Clinicians should treat the precipitating cause of cardiac arrest after ROSC and initiate or request studies that will further aid in evaluating the patient. It is essential to identify and treat any cardiac, electrolyte, toxicologic, pulmonary, and neurologic precipitants of the arrest.
Overall, the most common cause of cardiac arrest is cardiovascular disease and associated coronary ischemia. Therefore, a 12-lead ECG should be obtained as quickly as possible to detect ST elevation or LBBB. Coronary angiography should be performed emergently for OHCA patients with suspected cardiac etiology of arrest and ST elevation on ECG.
When there is a high suspicion of AMI, local protocols for the treatment of AMI and coronary reperfusion should be activated.
Coronary angiography, if indicated, can be beneficial in post-cardiac arrest patients regardless of whether they are awake or comatose. Even in the absence of ST elevation, emergent coronary angiography is reasonable for patients who are comatose after OHCA of suspected cardiac origin.

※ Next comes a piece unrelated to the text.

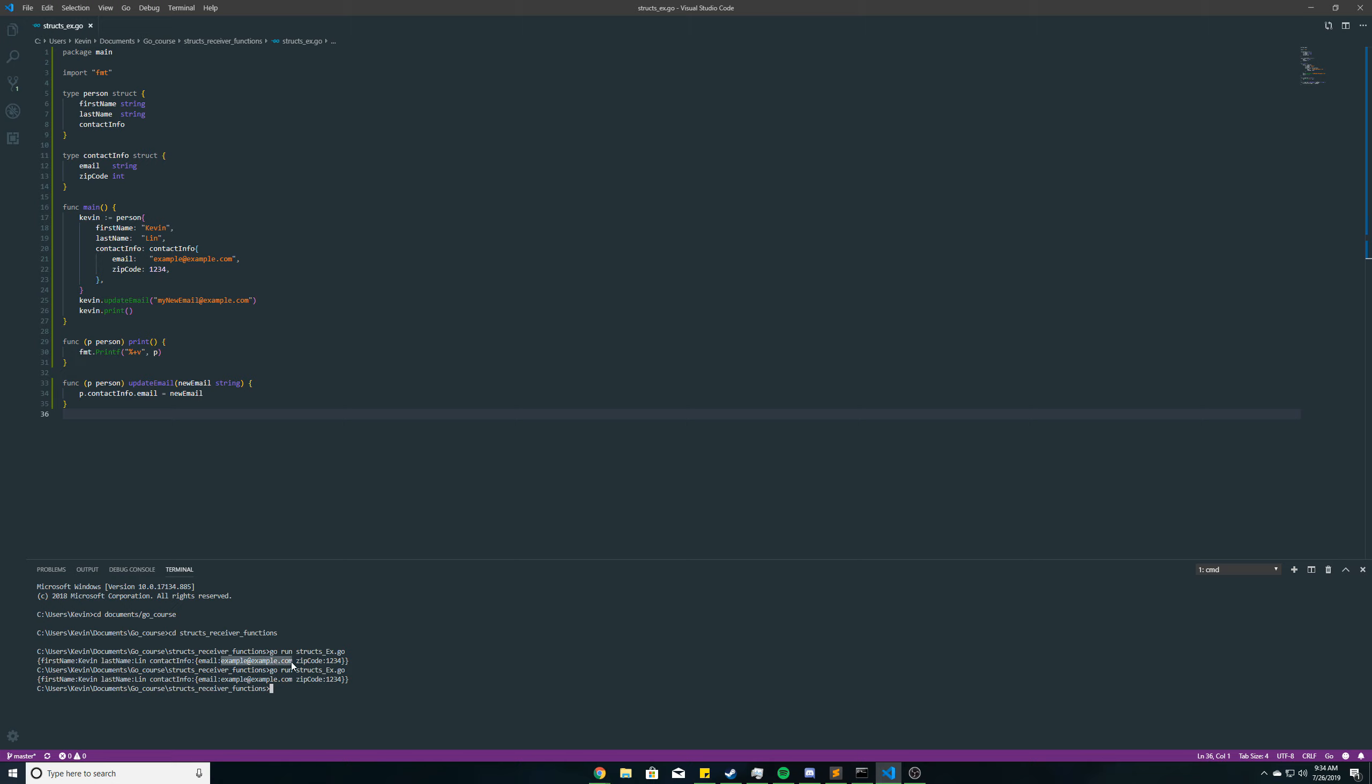So, the email did not change even though we said here that the contact in the email field should be set to whatever is passed here as an argument. So, why is that?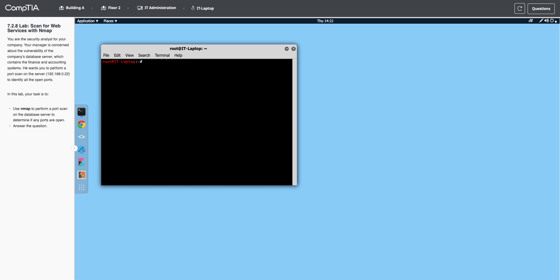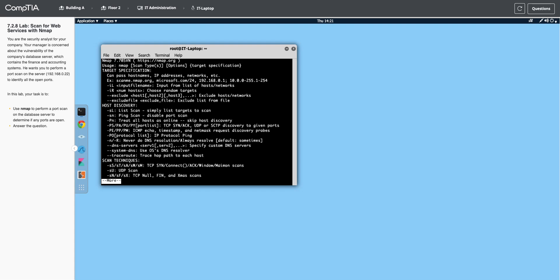Just to show you, if I run nmap -help, and I'm going to pipe it to more because it's really long, you're going to see a whole bunch of different options that you can run. In this lab, we're just going to do a basic scan.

Concurrent PCI and TTM are safe, with good outcomes reported for some comatose patients who have undergone PCI.
Critical care facilities that treat patients after cardiac arrest should use a comprehensive care plan that includes acute cardiovascular interventions, use of TTM, standardized medical goal-directed therapies, and advanced neurologic monitoring and care.
Neurologic prognosis may be difficult to determine during the first 72 hours after resuscitation. This should be the earliest time to prognosticate a poor neurologic outcome in patients not treated with TTM.
For those treated with TTM, providers should wait 72 hours after the patient returns to normothermia before prognosticating by using clinical examination where sedation or paralysis can be a confounder.
Many initially comatose survivors of cardiac arrest have the potential for a full recovery. For this reason, it's important to place patients in a hospital critical care unit where expert care and neurologic evaluation can be performed and where appropriate testing to aid prognosis can also be performed promptly.